Gabrielle Martin met Tony Clark when she started art school in 1988. ‘At this early stage of life my direction as an artist was powerfully influenced by Clark’s interest in a return to classicism. In some way an interest in the language of classicism has continued to preoccupy me, although my approach has metamorphosed over time,’ she says.
Clark is a maverick artist whose paintings have gained national and international recognition. He represented Australia at Documenta IX in Germany in 1992 and in 1994 won the John McCaughey Art Prize. In 1998 the Heide Museum of Modern Art in Melbourne mounted a retrospective of his work. Clark now lives in Syracuse and London. Martin met up with him again in 2002, and was able to establish a friendship with her former mentor on more equal grounds. The result of the friendship is her portrait/homage.
‘In this painting I have deliberately referred to a style of 19th-century portrait commonly taken in photographic studios,’ says Martin. ‘Such photographs were taken of members of the Kelly gang. These associations seemed appropriate to Clark because of the radical position he has always occupied in relation to the Australian art establishment. Photographic studios often made use of painted backdrops to evoke exotic settings. The backdrop here is Clark’s painting Jasperware (landscape). The pedestal he leans on evokes the tropes of the classical tradition that is so important to us both, whilst also playing with concepts of idealisation that are always present in the mentor/student relationship.’

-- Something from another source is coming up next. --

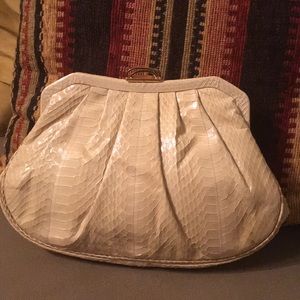 Vintage Creamy Off-white Snake Skin Bag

Born in Melbourne in 1969, Martin graduated from the Victorian College of the Arts in 1993. Since then she has exhibited regularly in group and solo exhibitions, including a solo exhibition of portraits at Gallery 101 this year. She was a finalist in the Doug Moran National Portrait Prize in 1998, the Portia Geach Memorial Award in 2000, 2001 and 2003, the Salon des Refusés in 2002 and Metro 5 Art Award in 2004. A part-time art and English teacher, Martin was commissioned by the National Portrait Gallery in 2001 and is also represented in the collections of the State Library of Victoria and Deakin University.